Ayah, Aku Rindu (Surat Kecil Untuk Ayah)
Oleh: Adryan Naja
“Di mana akan kucari, aku menangis seorang diri. Hatiku s’lalu ingin bertemu, untukmu aku bernyanyi”. Lirik lagu ciptaan Rinto Harahap ini kembali mengusik ketenangan batin ini. Aku terdiam merasakan kepedihan hati. Kamar sepih, bisikan suara burung tak lagi terdengar. Ruang rasa dipenuhi oleh ayat-ayat rindu. Aku tertunduk sambil menatap wajahku yang berantakan di lembaran pengalaman. Aku sedih. Mengingat masa lalu yang telah pergi bersama irama waktu. Hanya rindu dan ingat membuka pintu kamar sepih dan sedih. Ah, aku ini makhluk yang tertimpa oleh kegagalan misteri. Barangkali misteri itu ada. Sehingga, di sudut kesedihan ini, aku ingat sekali wajahmu ayah,,,,,,,(sambil menangis, aku mengutuki diri yang malang ini).
********
Ayah,,,ayah,,,suaraku bergema memanggil namamu dalam surat ini. (Aku menulis surat ini sambil menangis ayah). Aku sebenarnya tak sanggup untuk menulis surat ini, tapi akan lebih luka lagi bila aku tidak jujur dengan diriku sendiri bahwa aku rindu dirimu ayah.

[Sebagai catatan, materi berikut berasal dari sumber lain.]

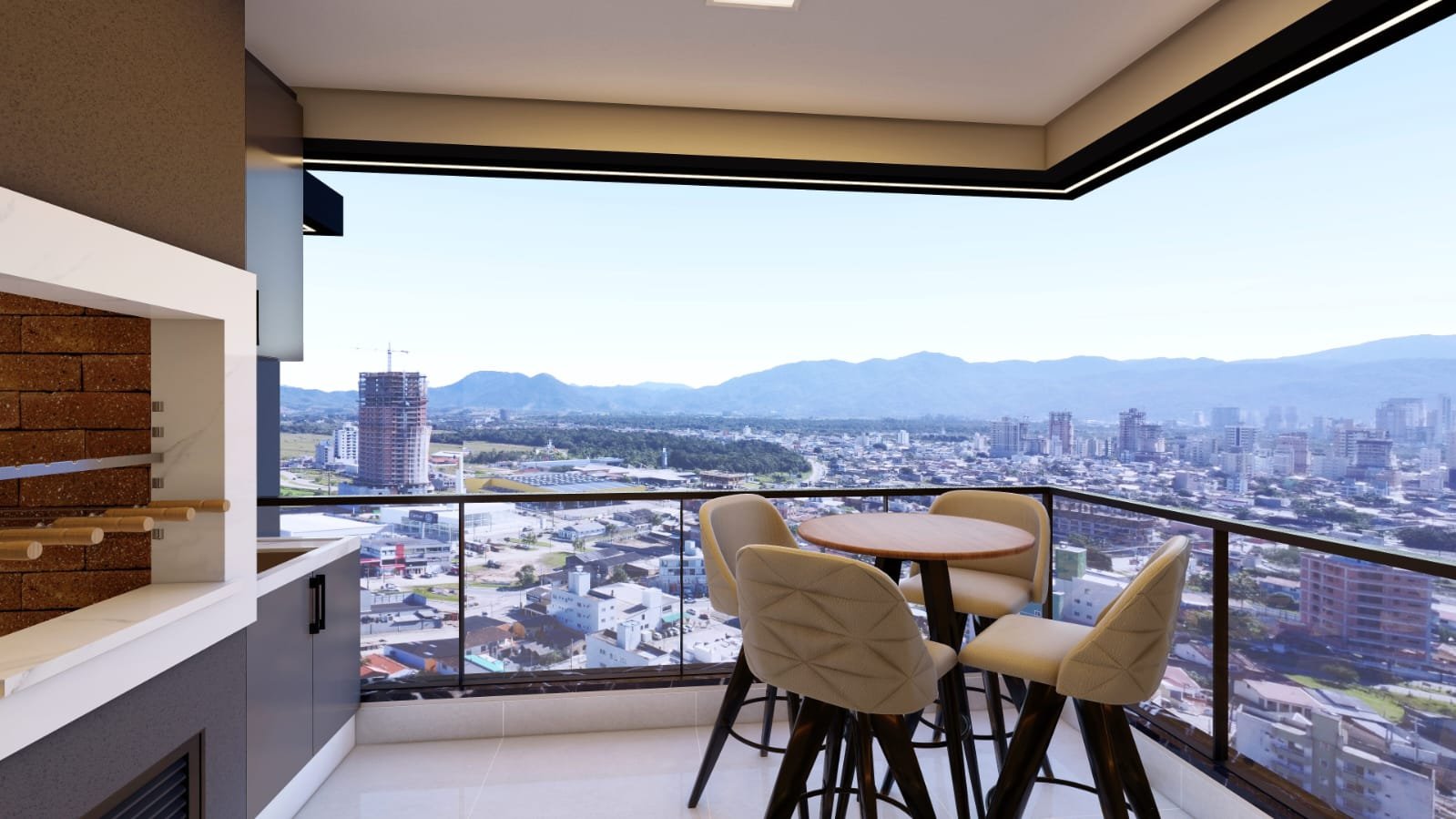 Chateau Soleil — fachada e renders 21, Elcon Empreendimentos, Balneário Perequê, Porto Belo SC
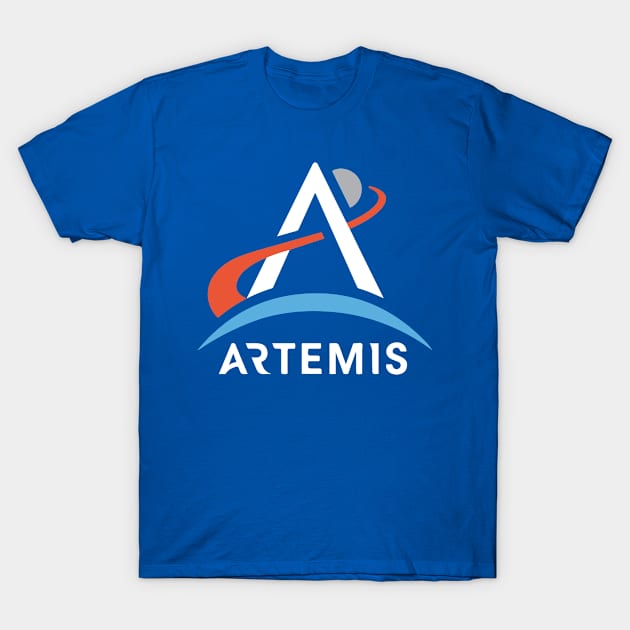 Copy of NASA Artemis missions to the moon. T-Shirt by labstud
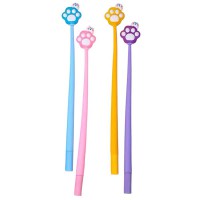 Ручка шариковая Лапка синяя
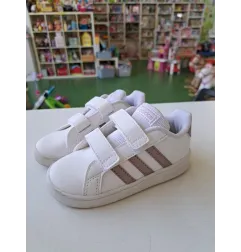 Scarpe Adidas Bianche e Rosa N 25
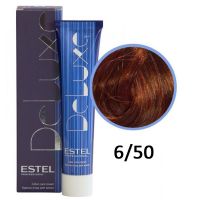 Краска-уход для волос Deluxe 6/50 темно-русый красный для седины 60мл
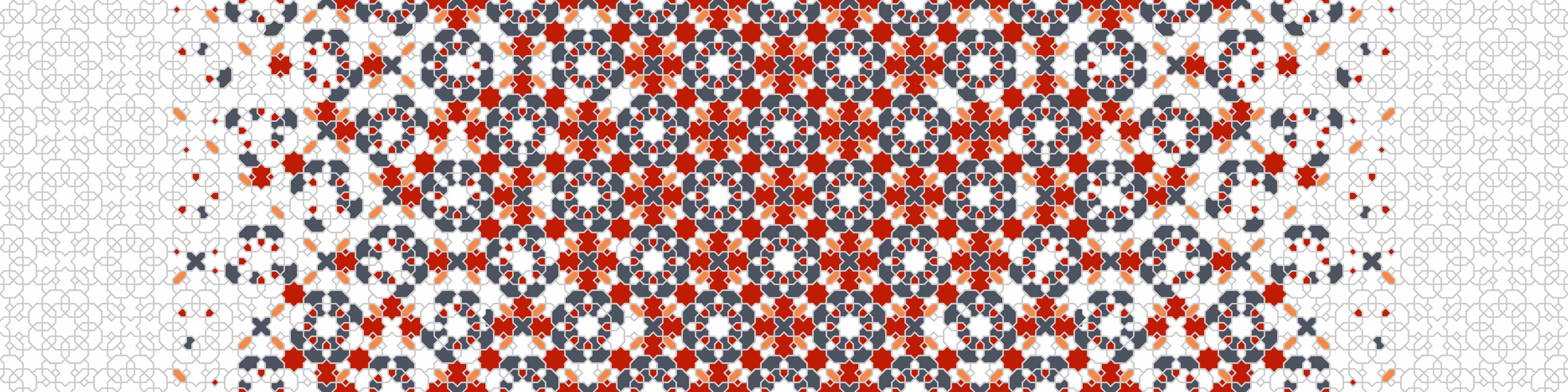 Büro Wandgestaltung-Buntes Geometrie-Muster
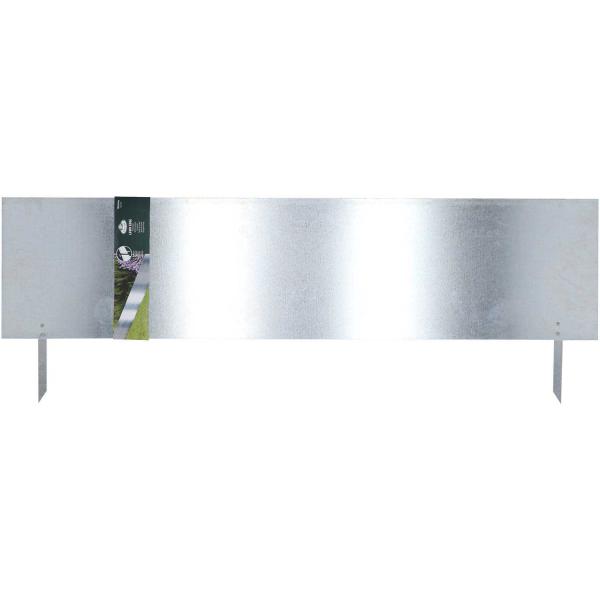 Bordure de jardin haute en acier galvanisé - 11,90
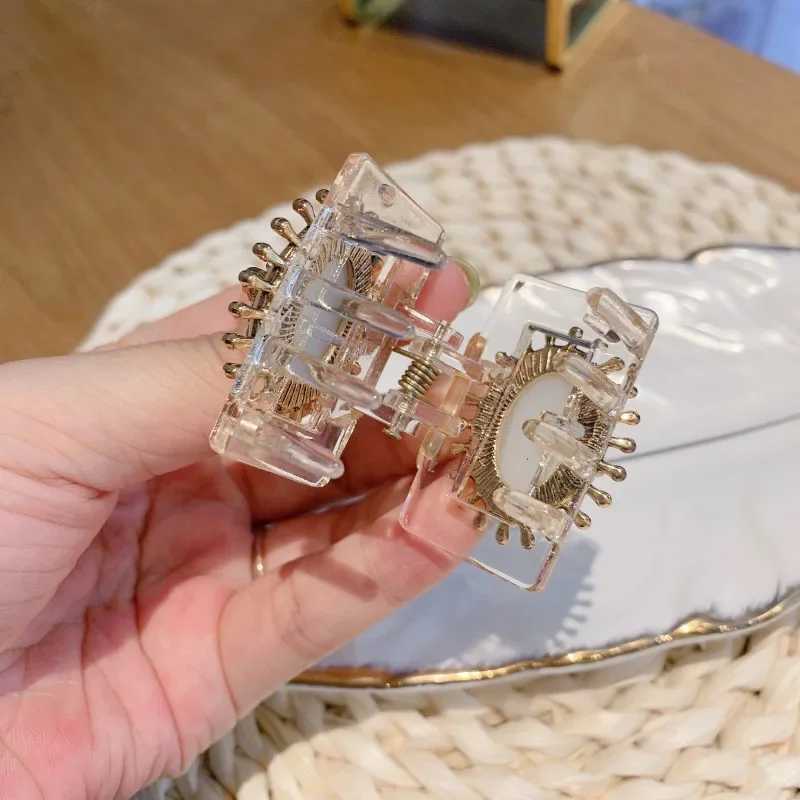 Retro Hairpins Antique Bronze Color Bee Charms Hair Claw Clips Bang Hair Clips Luxury Pearl Hairgrips Headwear Accessories Gifts Z250707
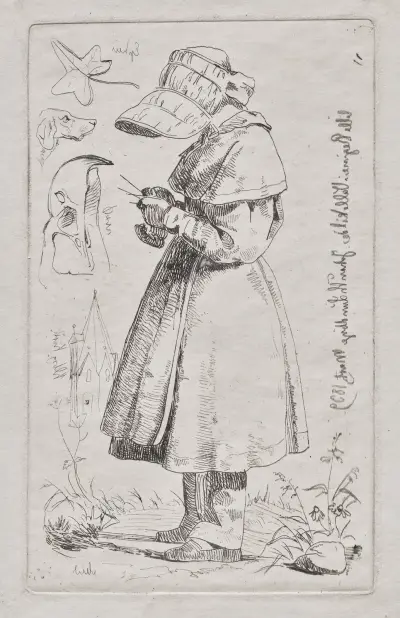 Little Regine in Vallekilde av Johan Thomas Lundbye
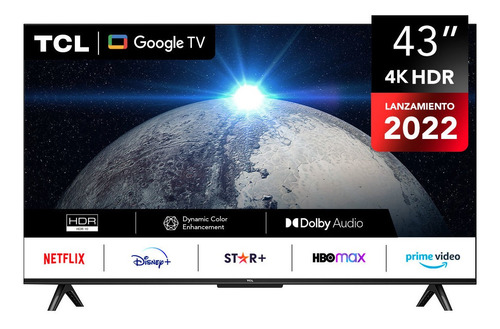Imagen 12 de 12 de Led 43 Tcl 43p635 4k Hdr Smart Tv Google Tv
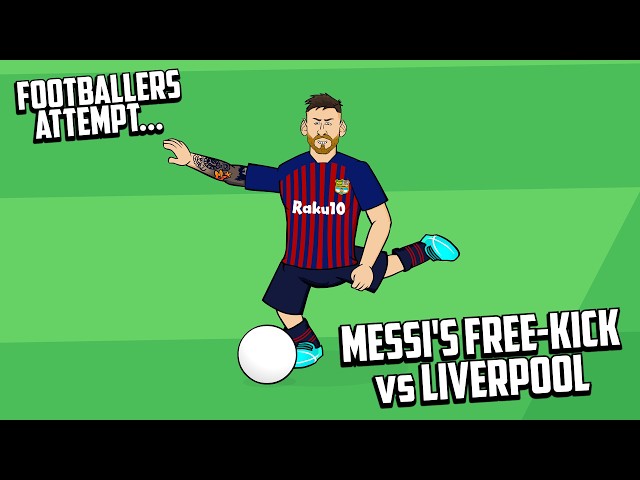 MESSI'S FREE-KICK vs LIVERPOOL🔥 Footballers Attempt! (Frontmen 8.3)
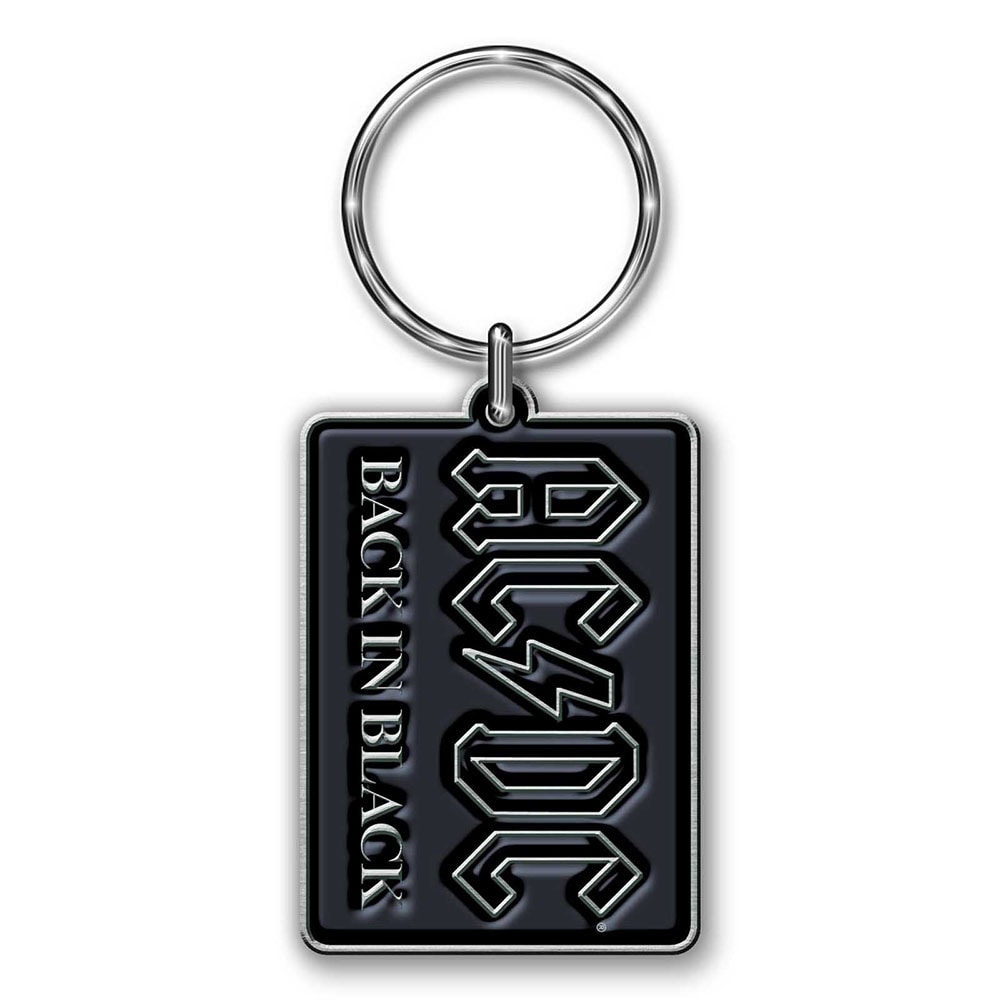 AC/DC Keychain: Back in Black (Die-cast Relief) - 2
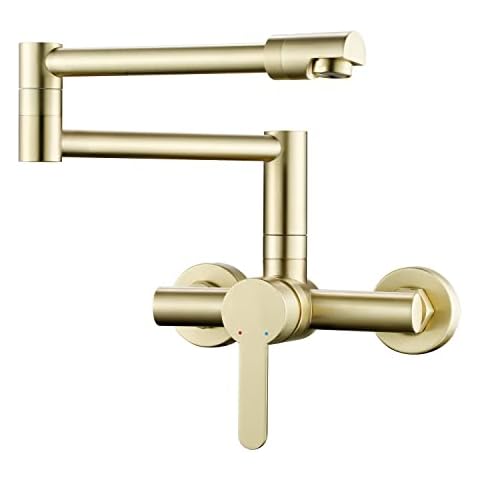 ESOP Grifo de Cocina Oro Cepillado Giratorio 360° Cover
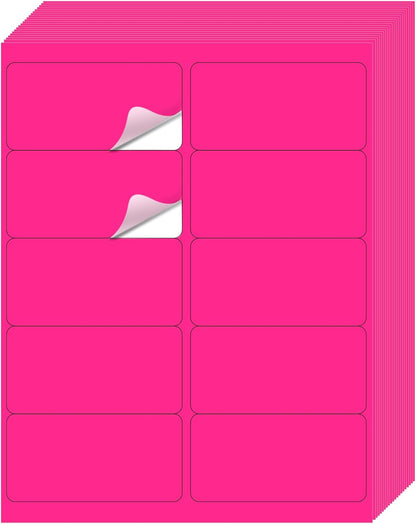 Transparent Stickers Labels - 2" x 4" Address Labels Mailing Stickers for Laser/Inkjet Printer 8.5"×11"- 20 Sheet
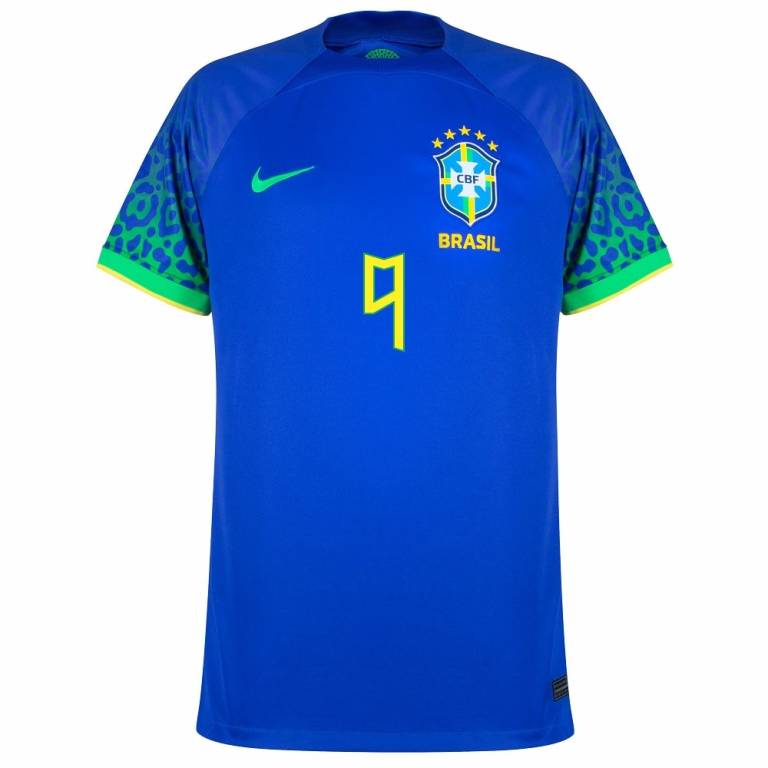 BRAZIL AWAY WORLD CUP 2022 RICHARLISON JERSEY (3)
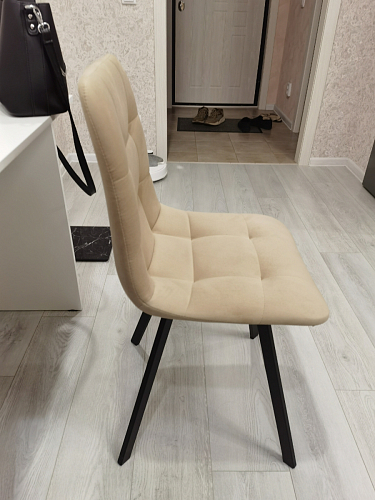 Стул на металлокаркасе Чилли К черный / зеленый фото покупателя 277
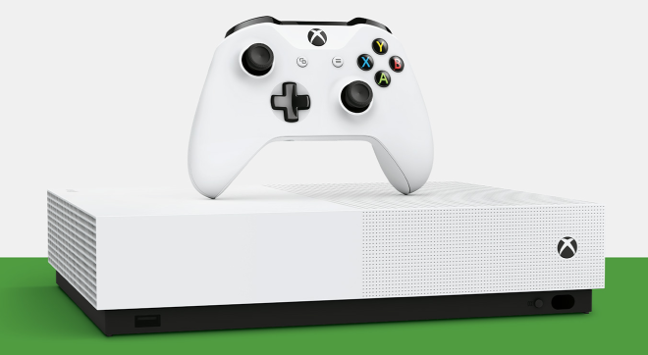 Xbox One S completamente digital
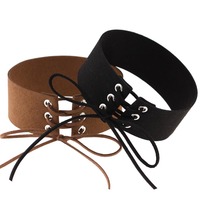 NC-117 En Gros Vintage Punk Gothique Velours Tissu Cou Bijoux Femmes Large Esclave Collier Ras Du Cou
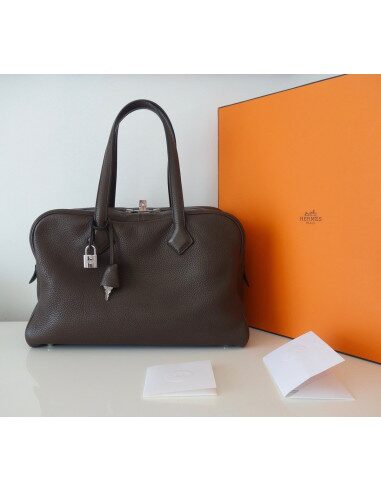 SAC HERME VICTORIA II CAFE
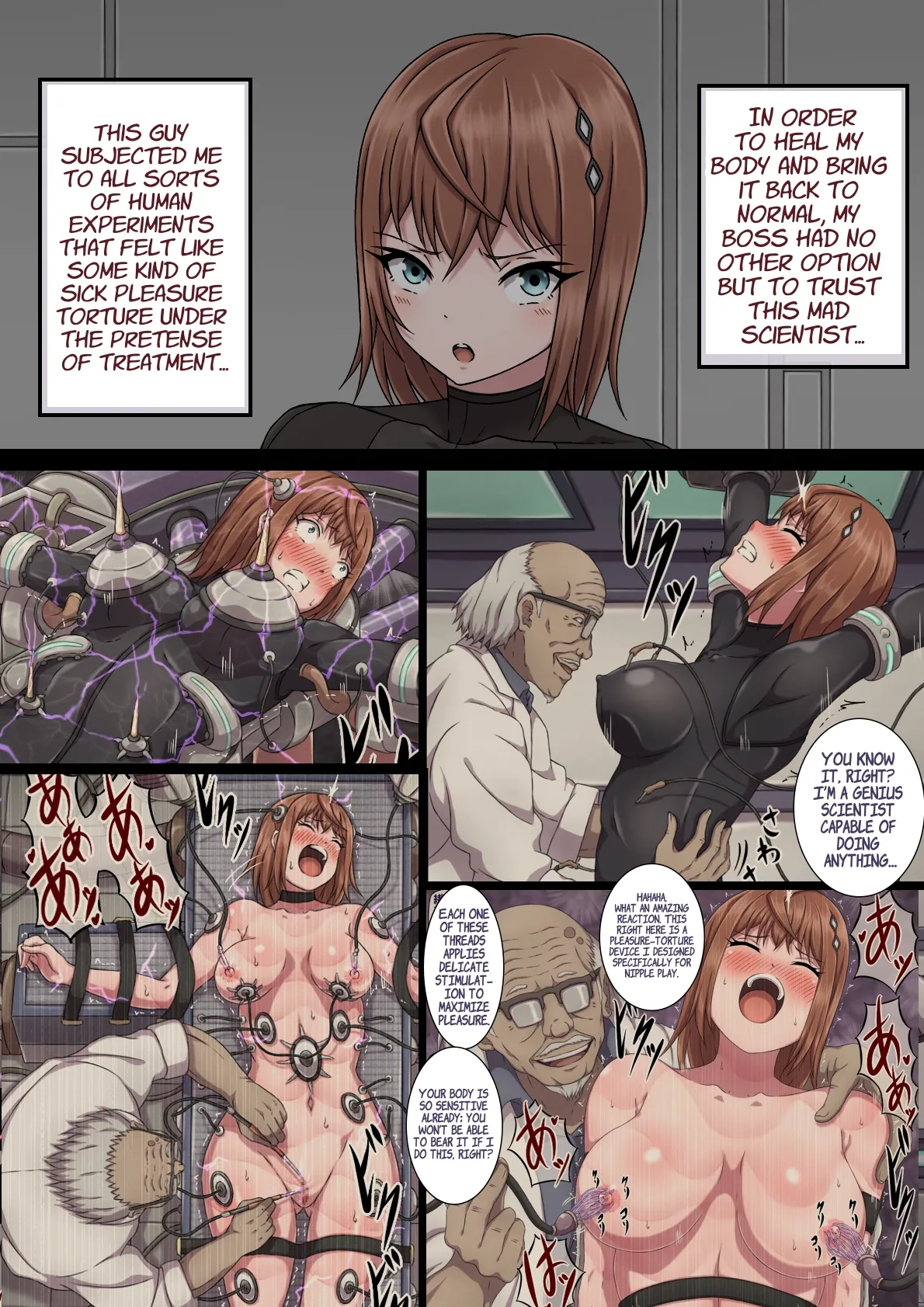 Lady Spy Nel Becoming The Test Subject of a Mad Perverted Scientist page 8 full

Baca Juga: Keterlibatan Gereja dalam Pendidikan Karakter KaumMuda
Aku tak tahu lagi apa yang harus aku lakukan di sini ketika ketiadaan dirimu seakan menghilangkan semua duniaku. Aku tak mempunyai apa-apa lagi selain rasa benci dan kecewa, luka dan duka, rindu dan sayang tercecer di ruang rasa dan ideku. Hari-hari hidupku selalu dipenuhi dengan berbagai rindu dan kecewa. Aku benci sekaligus rindu dirimu ayah. Kepergianmu menjadi awal dari semua kisah aneh dan sejarah terburuk dalam hidupku. Aku tidak tahu, engkau di mana sekarang. Aku tak mengerti mengapa engkau pergi di saat-saat aku belum mampu merelakan dan memaafkan. Aku di sini hanya menatap wajahku sendiri, menatap hari-hari hidupku yang selalu setia menemaniku ke ruang benci dan dendam pada Yang Mahakuasa. Mungkin Dia yang melakukan semuanya ini.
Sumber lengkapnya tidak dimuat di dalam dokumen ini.